After a brief ischemic insult, reactive astrocytes increase glutamate transport, connexins, ZO-1, aquaporins, and neurotrophic factor release, all of which are supposed to mediate neuroprotection, but at the same time, ischemic PC is also protective for astrocytes, an effect that seems to be mediated by Nrf2 in primary astrocytes subjected to OGD ^[108][177]. These PC-treated astrocytes are more efficient, protecting neurons upon OGD possibly due in part to higher lactate release ^[109][178]. In line with this result, cross-tolerance mechanisms like epileptic PC seem to strongly depend on lactate transport into the mitochondria ^[110][179]. Other studies suggest that exosomes released by PC-treated astrocytes, which are then engulfed by neurons, could contain neuroprotective molecules such as miR-92b-3p ^[111][180].
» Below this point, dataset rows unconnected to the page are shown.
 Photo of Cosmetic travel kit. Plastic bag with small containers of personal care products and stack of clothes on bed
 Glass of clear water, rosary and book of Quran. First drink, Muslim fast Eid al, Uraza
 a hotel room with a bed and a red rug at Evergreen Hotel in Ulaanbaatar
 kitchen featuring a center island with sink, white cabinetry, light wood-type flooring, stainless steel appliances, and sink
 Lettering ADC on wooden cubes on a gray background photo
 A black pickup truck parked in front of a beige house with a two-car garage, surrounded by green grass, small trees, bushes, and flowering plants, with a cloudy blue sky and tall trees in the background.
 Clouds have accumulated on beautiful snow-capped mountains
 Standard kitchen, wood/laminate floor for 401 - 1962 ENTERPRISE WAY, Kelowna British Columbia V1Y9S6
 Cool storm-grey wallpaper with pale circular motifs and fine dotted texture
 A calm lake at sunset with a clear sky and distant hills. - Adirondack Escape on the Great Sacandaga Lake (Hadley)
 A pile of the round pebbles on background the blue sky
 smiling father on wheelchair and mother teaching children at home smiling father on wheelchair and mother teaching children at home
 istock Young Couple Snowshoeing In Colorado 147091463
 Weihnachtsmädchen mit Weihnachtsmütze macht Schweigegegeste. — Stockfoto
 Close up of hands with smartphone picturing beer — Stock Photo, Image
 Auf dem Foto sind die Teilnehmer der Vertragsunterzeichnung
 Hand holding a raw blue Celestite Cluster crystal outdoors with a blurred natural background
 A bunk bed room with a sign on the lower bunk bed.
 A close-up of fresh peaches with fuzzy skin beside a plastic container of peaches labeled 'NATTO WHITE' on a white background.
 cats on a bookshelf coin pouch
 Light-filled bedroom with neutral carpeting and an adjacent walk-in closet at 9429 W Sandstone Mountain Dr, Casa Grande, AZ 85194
Remote ischemic preconditioning (RIPreC), usually induced by blocking blood flow to the limbs, has repeatedly proved to induce tolerance against subsequent I/R damage in animal models and clinical trials ^[112][181]. In fact, it is known that patients with a history of peripheral vascular disease (PVD) present lower infarct volumes, better outcomes, and lower mortality rates after an ischemic insult ^[113][182]. Although there is no direct evidence supporting a role for astrocytes as the mediators of the mentioned protective effect, it could be interesting to test whether inhibition of astrocyte activation abrogates tolerance induction by RIPreC.